'Se la Regione e il Governo impongono ai bambini di vaccinarsi, allora si vaccinino anche gli adulti che stanno a contatto con loro e gli amministratori pubblici'. La proposta arriva dai Consiglieri M5S di Castelvetro e dell'Unione Terre dei Castelli attraverso un odg a prima firma Filippo Gianaroli.
'Sensibilizzare e imporre a tutti gli amministratori pubblici che sono per definizione a contatto con i cittadini e al servizio dei cittadini di vaccinarsi al fine di assicurare l’immunità di gregge, dando così il buon esempio - affermano i 5 Stelle -. Gli amministratori, in caso di epidemia, pandemia o di emergenza sanitaria, hanno il dovere di prendersi in carico le problematiche dei cittadini; quindi è opportuno che non contraggano le malattie che dovrebbero contribuire a debellare. Gli stessi Consiglieri Gianaroli, Anderlini, Muzzioli vorrebbero essere informati di una eventuale epidemia così da provvedere alle vaccinazioni nel più breve tempo possibile per continuare ad esercitare il loro mandato a favore dell’interesse collettivo. Bisogna poi sensibilizzare affinché vengano assoggettati allo stesso trattamento sanitario tutti i soggetti e operatori che, per motivi professionali, entrano a contatto con i bambini di età da 1 a 16 anni.
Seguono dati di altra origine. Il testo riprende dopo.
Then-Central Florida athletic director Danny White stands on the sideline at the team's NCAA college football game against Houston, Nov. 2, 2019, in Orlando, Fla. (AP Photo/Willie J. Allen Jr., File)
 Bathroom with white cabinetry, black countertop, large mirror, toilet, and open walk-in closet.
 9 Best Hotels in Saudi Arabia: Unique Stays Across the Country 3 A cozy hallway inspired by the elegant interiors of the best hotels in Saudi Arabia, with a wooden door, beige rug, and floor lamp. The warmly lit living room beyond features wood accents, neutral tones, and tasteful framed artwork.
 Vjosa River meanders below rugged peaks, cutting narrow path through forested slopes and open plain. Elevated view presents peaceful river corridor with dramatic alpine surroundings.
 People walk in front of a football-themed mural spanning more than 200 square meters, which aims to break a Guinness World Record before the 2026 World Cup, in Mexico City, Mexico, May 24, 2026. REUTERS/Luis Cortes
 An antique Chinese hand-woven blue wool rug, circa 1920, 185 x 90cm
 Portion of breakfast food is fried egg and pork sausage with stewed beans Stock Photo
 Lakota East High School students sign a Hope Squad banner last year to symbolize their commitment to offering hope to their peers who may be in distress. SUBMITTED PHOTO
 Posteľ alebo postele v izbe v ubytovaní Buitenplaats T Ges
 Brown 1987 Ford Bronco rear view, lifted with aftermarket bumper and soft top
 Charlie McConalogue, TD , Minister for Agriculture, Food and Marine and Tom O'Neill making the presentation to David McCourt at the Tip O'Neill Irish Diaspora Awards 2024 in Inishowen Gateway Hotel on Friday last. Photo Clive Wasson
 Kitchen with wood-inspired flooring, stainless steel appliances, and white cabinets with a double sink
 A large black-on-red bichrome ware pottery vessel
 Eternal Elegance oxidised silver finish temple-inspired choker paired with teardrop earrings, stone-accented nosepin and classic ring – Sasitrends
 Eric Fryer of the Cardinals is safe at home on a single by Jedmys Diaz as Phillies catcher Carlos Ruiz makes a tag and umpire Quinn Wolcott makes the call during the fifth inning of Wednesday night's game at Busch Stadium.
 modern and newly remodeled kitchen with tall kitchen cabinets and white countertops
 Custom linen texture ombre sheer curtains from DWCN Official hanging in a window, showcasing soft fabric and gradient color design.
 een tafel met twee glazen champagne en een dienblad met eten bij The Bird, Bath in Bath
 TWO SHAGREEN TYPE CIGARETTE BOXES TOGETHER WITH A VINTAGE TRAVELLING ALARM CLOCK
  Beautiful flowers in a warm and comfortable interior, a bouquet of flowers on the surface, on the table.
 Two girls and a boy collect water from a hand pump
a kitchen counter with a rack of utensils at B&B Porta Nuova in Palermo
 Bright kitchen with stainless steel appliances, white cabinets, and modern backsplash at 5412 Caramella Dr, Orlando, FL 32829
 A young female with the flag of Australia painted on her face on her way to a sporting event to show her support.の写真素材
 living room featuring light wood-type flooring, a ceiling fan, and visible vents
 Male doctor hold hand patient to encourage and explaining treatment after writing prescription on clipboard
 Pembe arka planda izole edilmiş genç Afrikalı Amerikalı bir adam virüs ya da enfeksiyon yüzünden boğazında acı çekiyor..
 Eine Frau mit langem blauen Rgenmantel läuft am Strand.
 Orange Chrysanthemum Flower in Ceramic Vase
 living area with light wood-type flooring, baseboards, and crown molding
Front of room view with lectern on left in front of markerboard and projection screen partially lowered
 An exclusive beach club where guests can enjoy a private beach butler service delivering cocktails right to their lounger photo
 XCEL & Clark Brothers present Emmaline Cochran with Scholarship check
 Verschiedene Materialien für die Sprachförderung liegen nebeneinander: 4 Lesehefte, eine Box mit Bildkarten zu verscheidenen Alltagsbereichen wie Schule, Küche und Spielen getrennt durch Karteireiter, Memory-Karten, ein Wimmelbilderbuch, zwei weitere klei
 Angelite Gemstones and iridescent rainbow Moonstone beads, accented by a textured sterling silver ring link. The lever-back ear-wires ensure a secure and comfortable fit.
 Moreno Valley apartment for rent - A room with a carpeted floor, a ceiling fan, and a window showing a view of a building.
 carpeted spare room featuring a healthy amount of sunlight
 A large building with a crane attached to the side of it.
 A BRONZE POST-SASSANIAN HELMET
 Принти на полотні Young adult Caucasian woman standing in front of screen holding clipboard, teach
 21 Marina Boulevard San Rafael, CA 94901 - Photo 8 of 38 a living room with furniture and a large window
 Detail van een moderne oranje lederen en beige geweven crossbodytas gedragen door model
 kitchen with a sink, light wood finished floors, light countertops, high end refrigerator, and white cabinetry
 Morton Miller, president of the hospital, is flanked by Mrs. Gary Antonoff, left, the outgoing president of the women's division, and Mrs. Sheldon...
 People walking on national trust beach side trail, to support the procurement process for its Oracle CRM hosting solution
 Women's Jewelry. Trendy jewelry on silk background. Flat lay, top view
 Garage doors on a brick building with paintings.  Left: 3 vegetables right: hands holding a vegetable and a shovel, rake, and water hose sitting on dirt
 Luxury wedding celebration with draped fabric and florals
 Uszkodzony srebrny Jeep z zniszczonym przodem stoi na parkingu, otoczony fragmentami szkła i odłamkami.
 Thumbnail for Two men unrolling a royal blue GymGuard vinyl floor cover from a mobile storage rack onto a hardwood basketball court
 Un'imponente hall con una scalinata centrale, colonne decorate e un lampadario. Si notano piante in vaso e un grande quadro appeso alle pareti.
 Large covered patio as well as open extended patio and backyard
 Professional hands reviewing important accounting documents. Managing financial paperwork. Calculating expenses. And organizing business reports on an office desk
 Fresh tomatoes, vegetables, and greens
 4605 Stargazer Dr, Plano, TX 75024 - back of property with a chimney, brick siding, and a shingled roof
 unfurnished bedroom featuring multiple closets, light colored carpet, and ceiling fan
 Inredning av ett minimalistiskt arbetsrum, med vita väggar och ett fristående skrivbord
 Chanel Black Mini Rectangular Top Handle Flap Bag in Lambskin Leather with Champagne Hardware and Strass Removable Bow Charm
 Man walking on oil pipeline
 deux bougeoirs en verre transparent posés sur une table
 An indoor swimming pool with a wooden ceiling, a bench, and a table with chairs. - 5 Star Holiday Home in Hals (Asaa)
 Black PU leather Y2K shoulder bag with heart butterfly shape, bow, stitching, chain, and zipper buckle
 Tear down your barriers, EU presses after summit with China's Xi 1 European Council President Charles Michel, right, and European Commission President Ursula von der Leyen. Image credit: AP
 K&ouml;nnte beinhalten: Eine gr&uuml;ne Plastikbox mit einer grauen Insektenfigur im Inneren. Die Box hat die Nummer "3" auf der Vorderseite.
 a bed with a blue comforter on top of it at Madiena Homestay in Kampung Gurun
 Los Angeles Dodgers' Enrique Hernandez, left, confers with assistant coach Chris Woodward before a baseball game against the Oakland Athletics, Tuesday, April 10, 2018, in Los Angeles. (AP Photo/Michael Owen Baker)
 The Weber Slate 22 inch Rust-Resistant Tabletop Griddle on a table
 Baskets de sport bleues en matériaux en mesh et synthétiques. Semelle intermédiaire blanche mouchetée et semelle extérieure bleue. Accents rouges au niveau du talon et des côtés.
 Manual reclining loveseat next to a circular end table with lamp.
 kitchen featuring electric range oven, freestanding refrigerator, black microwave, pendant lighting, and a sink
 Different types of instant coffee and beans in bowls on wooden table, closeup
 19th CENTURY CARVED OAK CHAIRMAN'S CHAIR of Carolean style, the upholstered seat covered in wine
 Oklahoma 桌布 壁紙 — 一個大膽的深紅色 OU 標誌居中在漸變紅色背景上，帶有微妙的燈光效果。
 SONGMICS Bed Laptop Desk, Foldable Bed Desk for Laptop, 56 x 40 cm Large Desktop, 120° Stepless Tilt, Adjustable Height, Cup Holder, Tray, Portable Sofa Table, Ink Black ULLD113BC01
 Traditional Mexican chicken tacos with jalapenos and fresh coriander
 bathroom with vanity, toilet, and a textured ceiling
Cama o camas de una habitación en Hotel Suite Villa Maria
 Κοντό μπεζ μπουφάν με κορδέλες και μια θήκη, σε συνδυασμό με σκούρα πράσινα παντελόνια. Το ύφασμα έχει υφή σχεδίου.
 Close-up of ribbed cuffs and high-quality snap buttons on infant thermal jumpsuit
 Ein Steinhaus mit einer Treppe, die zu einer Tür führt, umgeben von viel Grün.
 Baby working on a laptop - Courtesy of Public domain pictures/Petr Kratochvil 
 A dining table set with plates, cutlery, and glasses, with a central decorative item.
Il “pastore” vive con il “gregge” e se della stessa specie è soggetto alle stesse malattie'.Una provocazione (che tanto provocazione non è) che nasce da una premessa.
'In Italia ci si ammala e si muore anche per problematiche polmonari dovute non solo alle sigarette ma soprattutto alla qualità dell’aria che la stessa Arpa considera “cancerogena”; quali sono in questo caso le azioni coercitive che vengono esercitate nei confronti degli amministratori per difendere il gregge e la “popolazione più fragile”? Non vogliamo entrare nel campo scientifico “pro-vax” vs “no-vax”, la nostra formazione scientifica ci suggerisce di evitare di proclamare “verità assolute, incontrovertibili e definitive”. E’ un dato di fatto che molti vaccini abbiano rappresentato per la salute dell’Umanità un passo avanti enorme. Sono presenti molti vaccini con fortissime prove di effetti positivi a livello individuale e di comunità di gran lunga superiori ai possibili effetti negativi e con profilo di costo-efficacia molto favorevoli. La vaccinazione però non è una misura terapeutica preventiva, ma profilattica: sono gli individui sani che vengono vaccinati con lo scopo di cautelarsi da un’eventuale, futura malattia che peraltro nessuno sa se potrà o meno manifestarsi. I vaccini, come tutti i farmaci, hanno controindicazioni e tra queste, come i farmaci più pericolosi, l’esito.